BNN Co is considering acquiring an interest in its competitor JB Co Ltd. The managing director of BNN Co has obtained the three most recent statements of financial position of JB Co Ltd as shown below.

JB Co Ltd – Statement of Financial Position at 31st December

20X7 GH$’000 20X8 GH$’000 20X9 GH$’000
Non-current assets
Land and buildings 11,460 12,121 11,081
Plant and equipment 8,896 9,020 9,130
20,356 21,141 20,211
Current assets
Inventories 1,775 2,663 3,995
Trade receivables 1,440 2,260 3,164
Cash 50 53 55
3,265 4,976 7,214
Total assets 23,621 26,117 27,425
Equity
Share capital 8,000 8,000 8,000
Retained earnings 6,434 7,313 7,584
14,434 15,313 15,584
Non-current liabilities
12% debentures 20X9–20Y2 5,000 5,000 5,000
Current liabilities
Trade payable 390 388 446
Bank 1,300 2,300 3,400
Income taxes payable 897 1,420 1,195
Dividend payable 1,600 1,696 1,800
4,187 5,804 6,841
Total equity and liabilities 23,621 26,117 27,425

Required:
Prepare a report for the managing director of BNN Co. commenting on the financial position of JB Co Ltd. and highlight any areas that require further investigation (using gearing and liquidity ratios only).

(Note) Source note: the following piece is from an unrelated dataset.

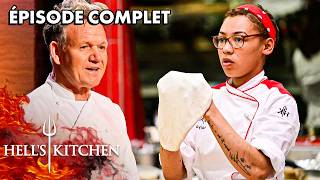 Hell's Kitchen Saison 24 - Ep. 12 | La bataille pour les vestes noires | Épisode complet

To: Managing Director of BNN Co
From: Accountant
Date: XX, XX, XX
Subject: The financial position of JB Co Ltd

Introduction
This report has been prepared on the basis of the three most recent statements of profit or loss and statements of financial position of JB Co Ltd covering the years 20X7 to 20X9 inclusive. Ratio analysis used in this report is based on the calculations shown in the appendix attached.

Debt and liquidity
The debt ratio measures the ratio of a company’s interest-bearing debt finance to its equity finance (shareholders’ funds). Although we have no information as to the norm for the industry as a whole, the debt ratios appear reasonable. However, it should be noted that it has risen substantially over the three-year period.

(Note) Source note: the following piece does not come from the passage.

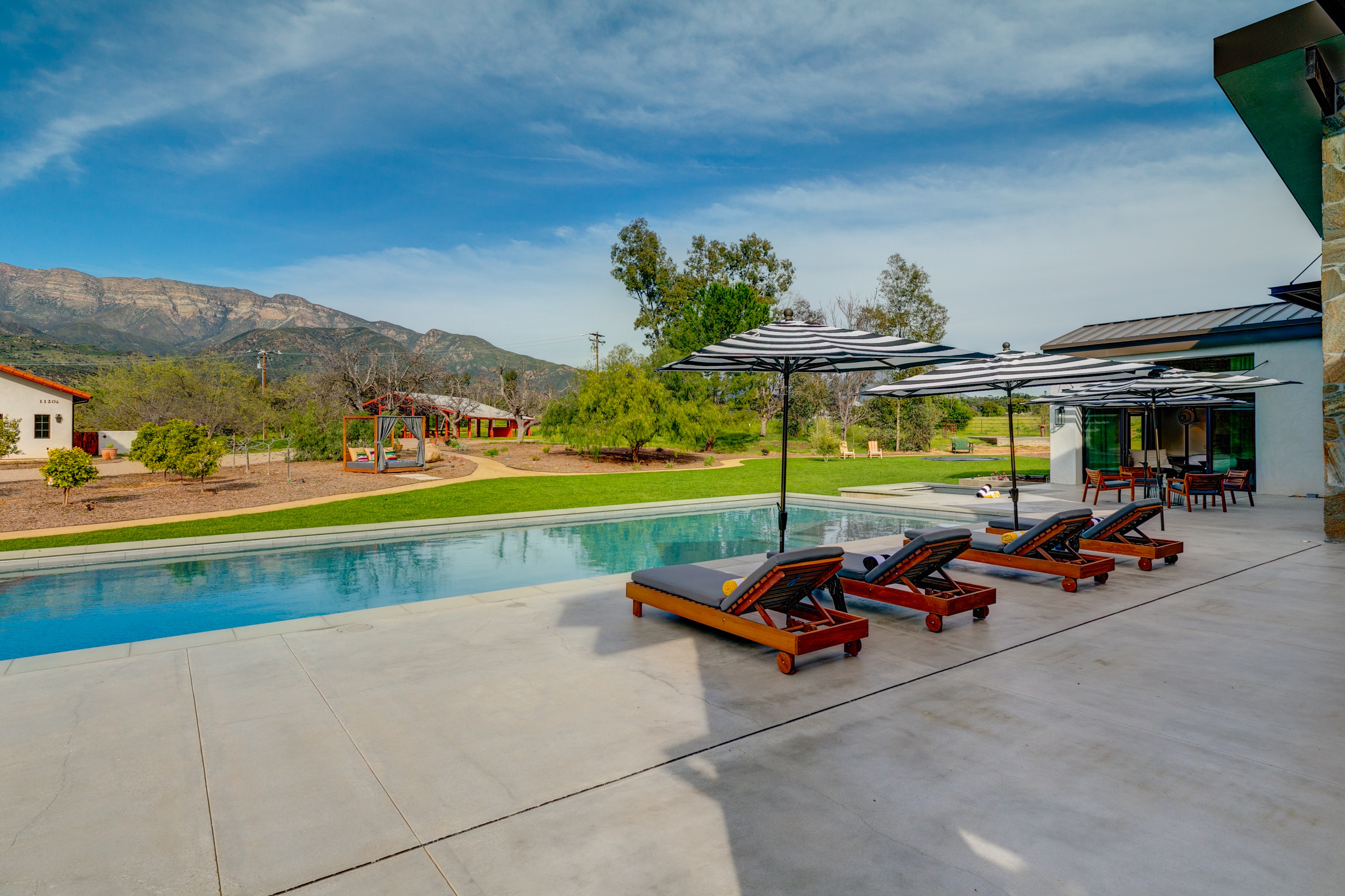 Eight Bedroom Luxury Estate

When reviewing JB Co’s liquidity, the situation has improved over the period. The current ratio measures a company’s ability to meet its current liabilities out of current assets. A ratio of at least 1 should therefore be expected. JB Co Ltd did not meet this expectation in 20X7 and 20X8.

This ratio can be misleading, as inventory is included in current assets. Because inventory can take some time to convert into liquid assets, a second ratio, the quick ratio, is calculated which excludes inventories. As can be seen, the quick ratio, although improving, is low, and this shows that current liabilities cannot be met from current assets if inventories are excluded. As a major part of current liabilities is the bank overdraft, the company is obviously relying on the bank’s continuing support with both short- and long-term funding. It would be useful to find out the terms of the bank funding and the projected cash flow requirements for future funding.

Conclusion
The review of the three-year financial statements for JB Co Ltd has given rise to a number of queries which need to be resolved before a useful conclusion can be reached on the financial position of JB Co Ltd. It may also be useful to compare JB Co’s ratios to those of other companies in the same industry in order to obtain some idea of the industry norms.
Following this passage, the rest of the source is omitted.